Dropbox's primary case is Function Media, L.L.C. v. Google, Inc., 708 F.3d 1310 (Fed. Cir. 2013). In Function Media, a jury found certain patent claims invalid and not infringed. Id. at 1314. The patentee moved for judgment as a matter of law that this verdict was irreconcilable, as the jury purportedly must have taken different claim construction positions for invalidity and noninfringement purposes. Id. at 1316, 1327-28. The Federal Circuit held that the patentee had waived this argument by failing to object before the jury was discharged. Id. at 1330. The patentee argued that the verdict was special “because the verdict form asked the jury specific questions about validity and infringement,” while the defendant argued the verdict was general “because it consisted of simple yes or no questions on infringement, anticipation, and obviousness.” Id. at 1328. The Federal Circuit reviewed its precedent on the matter and found it unhelpful. See id. The court then relied on Wright & Miller to draw the distinction that “general verdicts require the jury to apply the law to facts, and therefore require legal instruction, whereas special verdicts compel the jury to focus exclusively on its fact finding role.” Id. at 1328-29 (quoting 9B Charles Alan Wright & Arthur R. Miller, Fed. Prac. & Proc. § 2503 n.1 (3d ed. 2008)). Applying this principle, the Federal Circuit held that the verdict section on obviousness was a general verdict, as obviousness is a legal question with underlying facts. Id. at 1329. As for the verdict sections on anticipation and infringement, the Federal Circuit held that these were also general verdicts, even though anticipation and invalidity are fact questions. Id. at 1329-30. The court reasoned that determining anticipation and infringement virtually requires legal instruction. See id. at 1330. Since the verdict required legal instruction and application of legal principles, not just written findings on issues of fact, the verdict was a general one. Id. The court especially noted that the verdict questions were so general that they did not expose what the jury had done, as would be expected in a special verdict. Id.
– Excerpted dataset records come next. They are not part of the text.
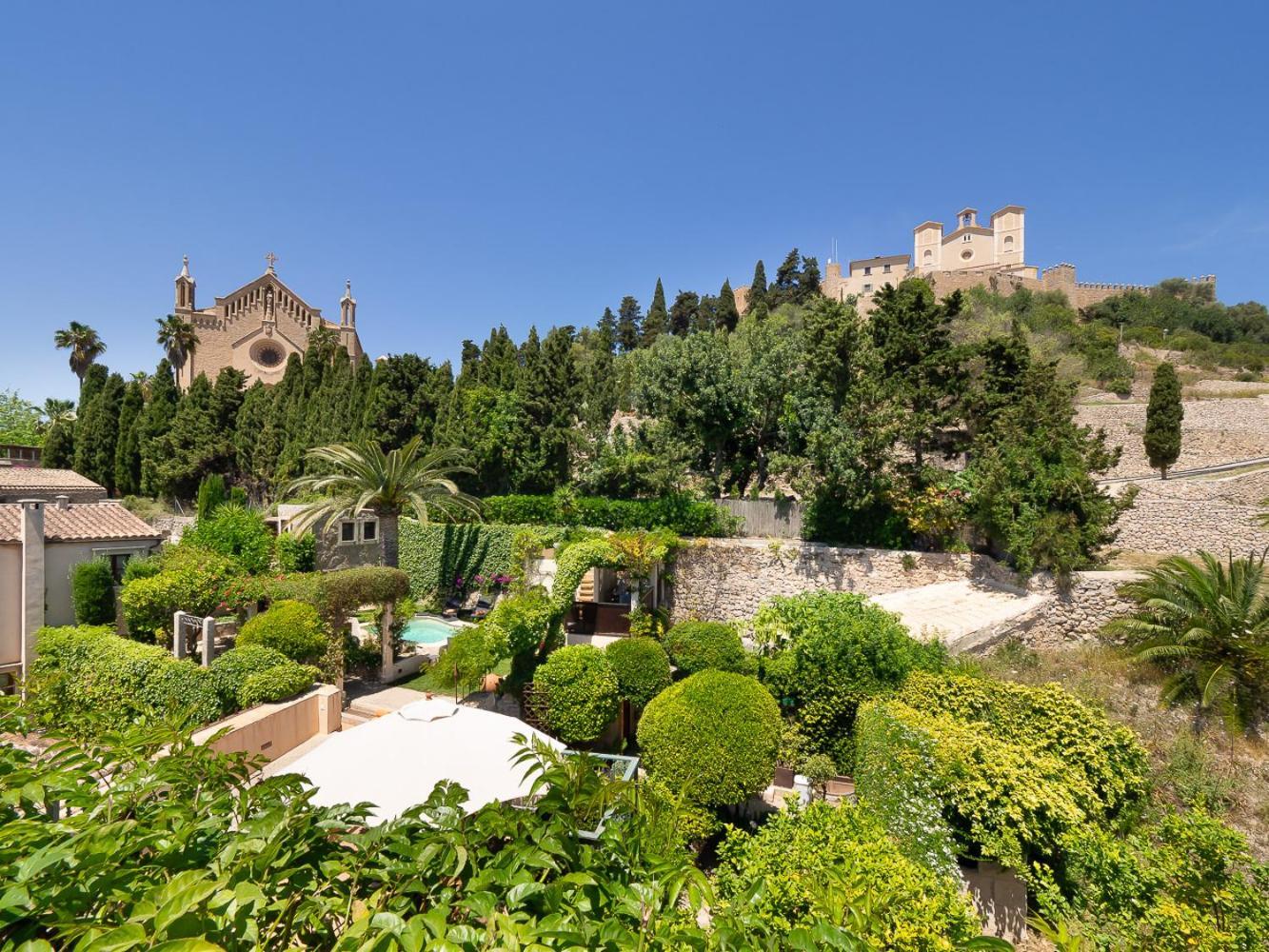 & Restaurant Jardi D'arta Hotell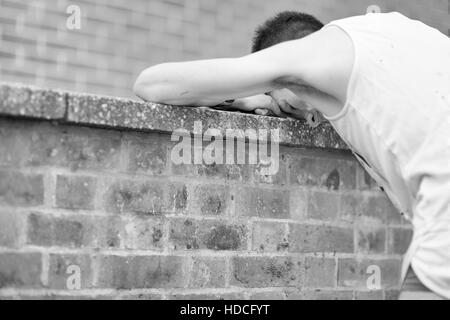 Patrick Roddy erholt sich nach Oxford V Cambridge Varsity Kreuz Land Befestigung an Wimbledon Common, London, UK, auf 12.05.2015 Stockfoto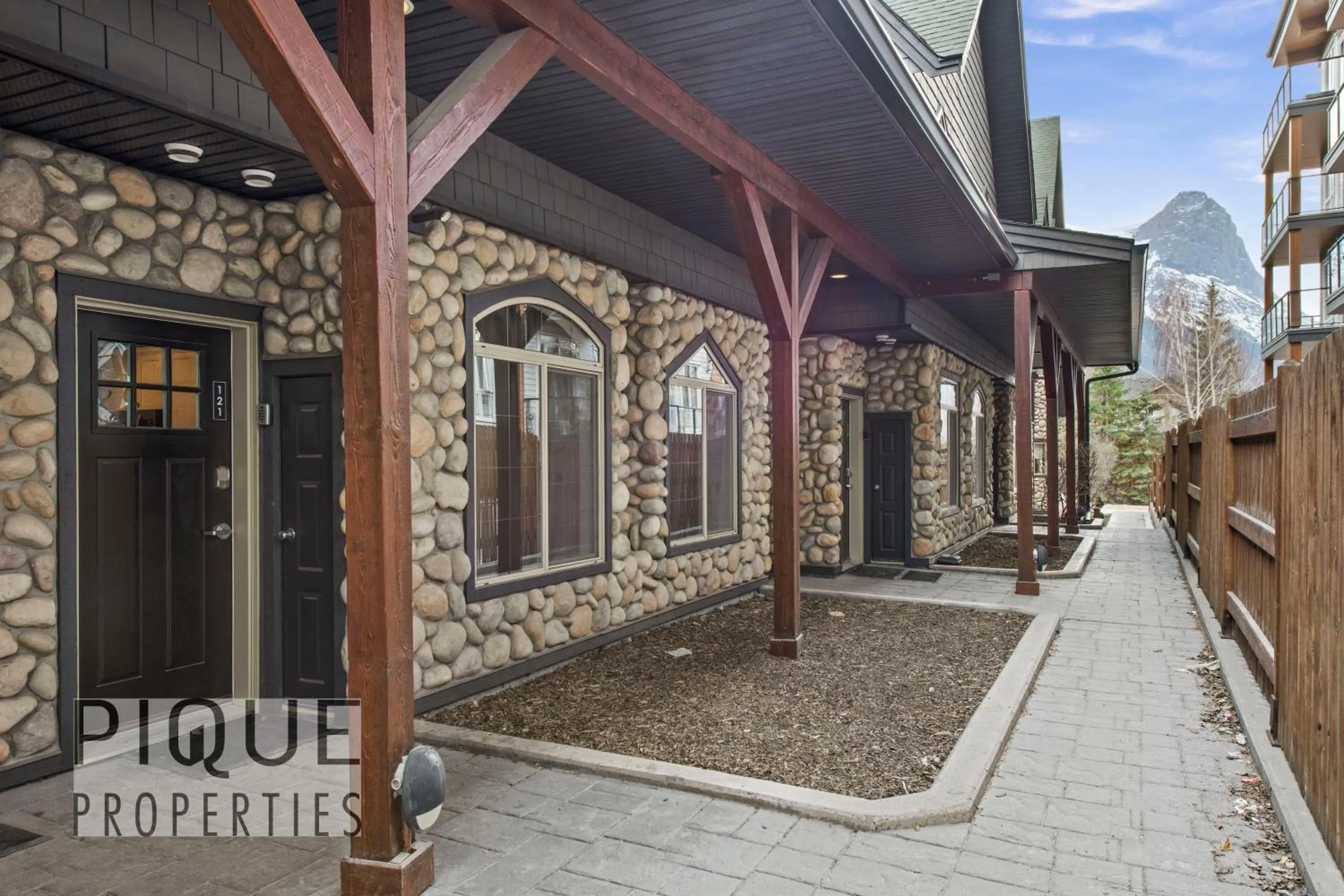 Mystic Mountain Chalet, Heated Outdoor Pool & Hot Tub, Free Parking, Fast Wifi!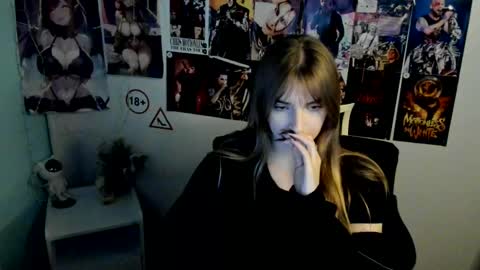 Snapshot of karla_flower chatting on 10.18.25 Karla online show from 10.18.25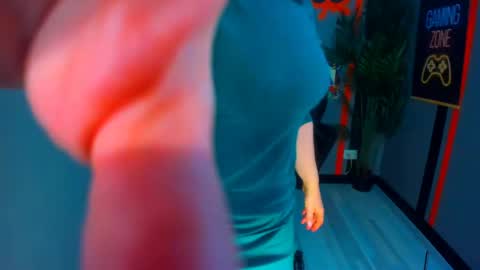 Ana online show from April 15, 10:05 am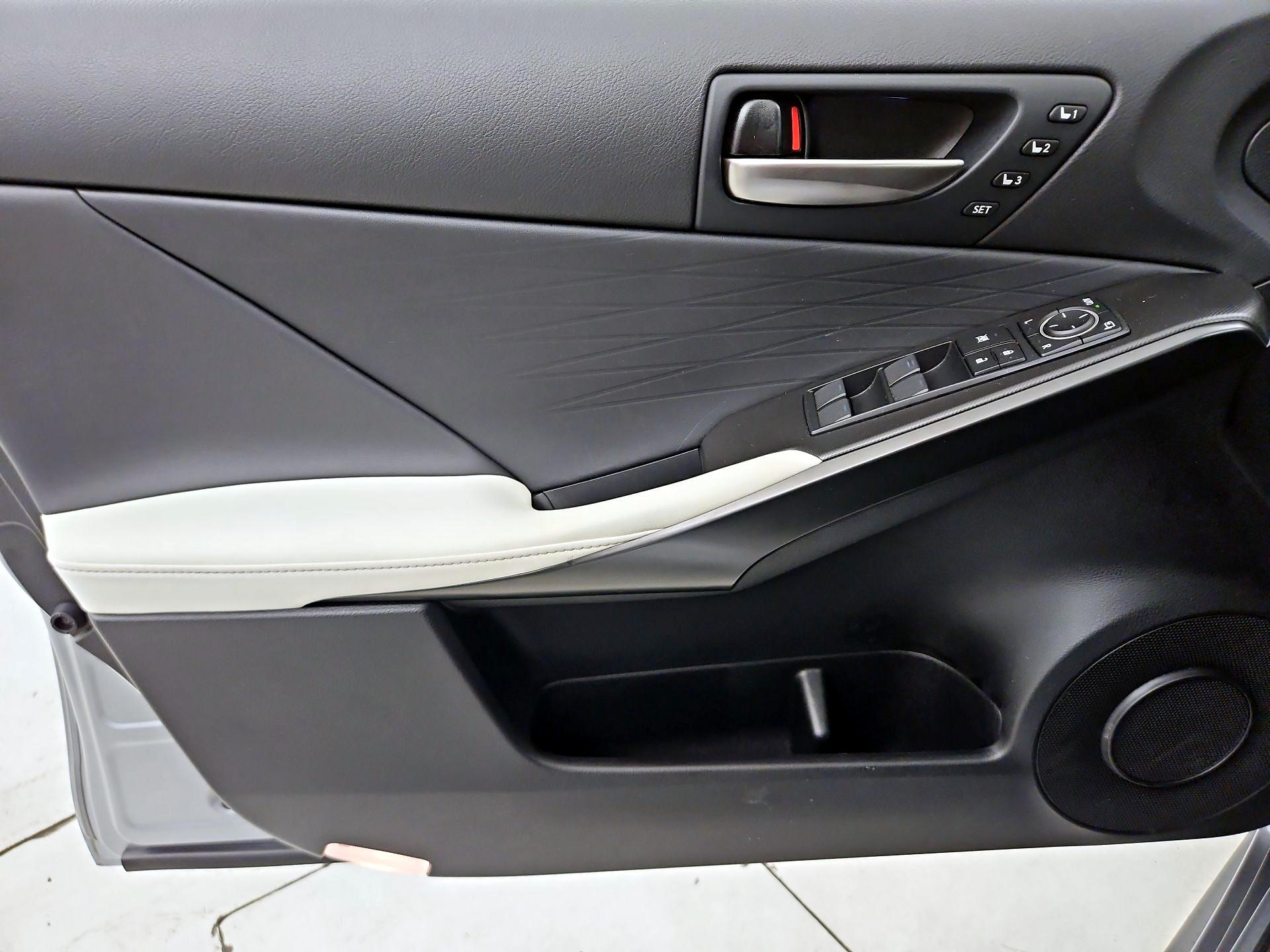 Thumbnail: 2025 Lexus IS - 12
Having determined that the verdict was a general verdict, the Function Media court held that plaintiff had waived its irreconcilability challenge by failing to object before the jury had been discharged. Id.

Applying the caselaw above, the Court holds that the verdict in this case was a general verdict with written questions. As a reminder, the verdict form in this case contained four sections: infringement, priority date, invalidity, and damages. See generally ECF No. 382. Under Function Media, the first section was a general verdict. See 708 F.3d at 1330. Similarly, the invalidity section is a general verdict, even though the verdict form asked about anticipation and obviousness in the same question. See id. at 1329-30. The last section was never filled out and is irrelevant to this analysis. See ECF No. 382 at 5.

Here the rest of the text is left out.